Partons donc de l’hypothèse que des étudiants et/ou des participants d’un programme quelconque anticipent « toujours déjà » ne serait-ce que partiellement, le contenu qui va leur être enseigné. Alors on peut dire que toutes les opinions, aussi absurdes puissent-elles paraître à première vue, des dits étudiants ou participants sont bonnes à prendre. Pour quelle raison ? Si l’on prend à la lettre la position des philosophies dites « éléatiques » qui remontent à plus de 2500 ans, on peut dire que la vie ou l’« être » est tout ou rien. Autrement dit, il n’y a pas selon ces philosophies de niveau intermédiaire entre « être » entièrement d’un côté, et n’être rien de l’autre. Une conséquence très simple – et donc radicale, comme indiqué tout à l’heure – d’un tel point de vue, est que l’on ne peut jamais à la fois se tromper absolument, donc être dans l’erreur ou le néant du point de vue de la connaissance ou de la pensée (donc au départ, de l’opinion), et vivre. Autrement dit, si quelqu’un vient à se tromper absolument, il ou elle en perd automatiquement l’être ou la vie. Et inversement, si quelqu’un exprime une opinion qui semble totalement fausse voire scandaleuse à son entourage mais n’en meurt pas, alors ce quelqu’un a nécessairement raison au moins en partie. Comme le dit de manière très suggestive le philosophe Eric Weil, il y a alors au moins « la vérité d’un problème ».

Bien évidemment les philosophes « éléates » ont tort. Il n’y a pas tout ou rien comme ils l’affirment, et la vraie vie est infiniment plus subtile, sans cesse faite de faux-semblants et d’erreurs, à tel point que l’on a pu dès Platon faire de la possibilité même de l’erreur et du mensonge le cœur même de la vérité ! Mais le point de vue « éléatique » est extrêmement utile méthodologiquement et pédagogiquement parlant, car il implique et impose de donner dans une salle de classe la parole à toutes et tous sans exception, et à partir de la prise de parole et de l’échange, de travailler à extraire ce qui est vrai ou ce qui semble le plus vrai de tout ce qui est proposé.

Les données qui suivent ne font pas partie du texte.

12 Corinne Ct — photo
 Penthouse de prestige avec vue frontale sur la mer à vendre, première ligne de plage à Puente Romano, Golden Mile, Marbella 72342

Ceci partant donc du présupposé que tant que quelqu’un exprime bien vivant un avis quelconque, alors cet avis doit être entendu, ne serait-ce que comme signe que dans ce qui est exprimé est recelé une part de la vérité sur ce dont il est question dans l’échange.

D’expérience, ce parti-pris qui étonne toujours au premier abord les étudiants et participants toujours prêts d’une manière ou d’une autre à se juger les uns les autres, à hiérarchiser a priori les opinions sans enquêter plus avant (du coup, à la limite, sans rien apprendre), se révèle exceptionnellement fécond pour embarquer tout le monde dans une réflexion exigeante, qui accorde le bénéfice du doute à tout avis pour autant qu’il soit approfondi, précisé, argumenté – bref, rendu « discutable » au meilleur sens du terme.